BL: That’s amazing to hear, and it demonstrates the value of really well considered group textile exhibitions as a platform for creating connections among makers.
CD: It does. Another valuable connection I made was when I was researching Robin Brandt’s collection of flatweave rugs out in Oratia. In my own weaving I’ve always wanted to put in random little motifs and things. I didn’t know where this impulse came from, but then I started looking at all these old rugs and saw that those weavers were doing it too. Often they do it with that kind of Superman ‘S’ shape. They would have a pattern, but then suddenly they’d put an S in here, and one in there. I saw a rug where one particular weaver had gone crazy with the S’s and put them everywhere, and I thought, what’s that about? Is it a signature, or something they just feel like putting in? And then I thought, oh, that’s much the same as when I insert my motifs. A weaving impulse of a kind – almost an instinctive response where the brain says, “I’m bored, it needs something”.
BL That’s quite a revelation Christopher. So up until then you hadn’t really interrogated that impulse in your practice?
CD: No, I just felt it was necessary. Some of my early work was very much about those motifs. I did lots of squares and crosses and I’d put them in like movements throughout the work, but I’ve peeled away from that more recently.
BL: I love this idea of a secret code, a secret mark, the idea that maybe there’s something in the weaver’s DNA that compels them to add these motifs.
CD: I do too, but in a practical sense, you do end up focusing on one area a lot in weaving, or on a progression that’s so absorbing, so maybe it’s the brain’s reaction against that monotony. Maybe the brain is actually saying, I’ll put a big red line in, but you end up compromising by putting in a little black square instead.
With traditional flatweave rugs there would have been a set of rules or cultural expectations that certain shapes and colours would be used in a rug design, and of course they did their own dyeing, so there were restrictions in the colours available too. Perhaps putting your little shape in where it shouldn’t be, or where you think it offsets the work, was a mini rebellion.
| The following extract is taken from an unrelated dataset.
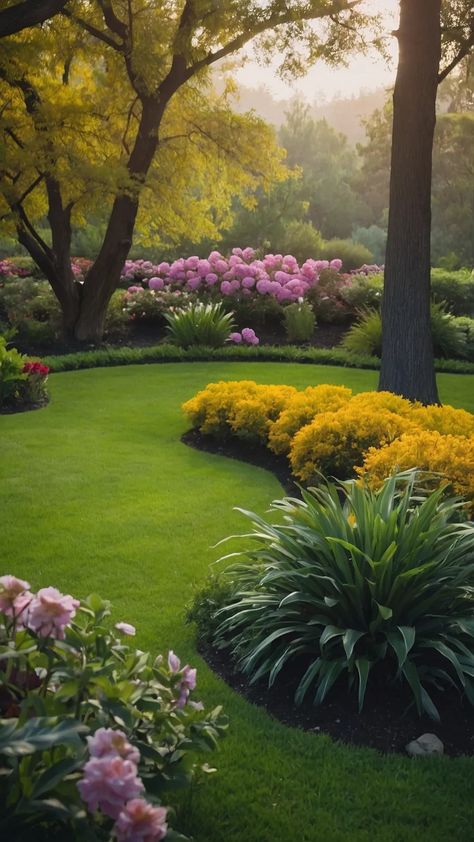 Step into Magic: 15 Aesthetic Garden Ideas You Need to Try - Cheerful Talks Lawn Aesthetic, Aesthetic Garden Ideas, Whimsical Garden Ideas, Painting Backgrounds, 15 Aesthetic, Garden Ideas To Make, Enchanting Aesthetic, Garden Aesthetics, Fairytale Garden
Isn’t that what lots of artists do as a way of creating tension?
BL: Talking with you reminds me how important it is that we become more attentive to detail, so that we can learn to see all these stories embedded in textiles.
CD: I do feel like it’s a language, but I don’t really know what it says to me. I like to read it though. It’s like when we listen to music without vocals that we can interpret, and yet we still find something in it. Can we look at textiles the same way? Maybe that’s what we’re missing a little.
BL: Your work is about the reward that comes from scrutinising something really intensely, and it’s also about the delight in materiality, pattern and texture, and how when we look at a textile, and when we touch it, we form a relationship with it and the story it tells.
More than Castles is a delight. Thank you.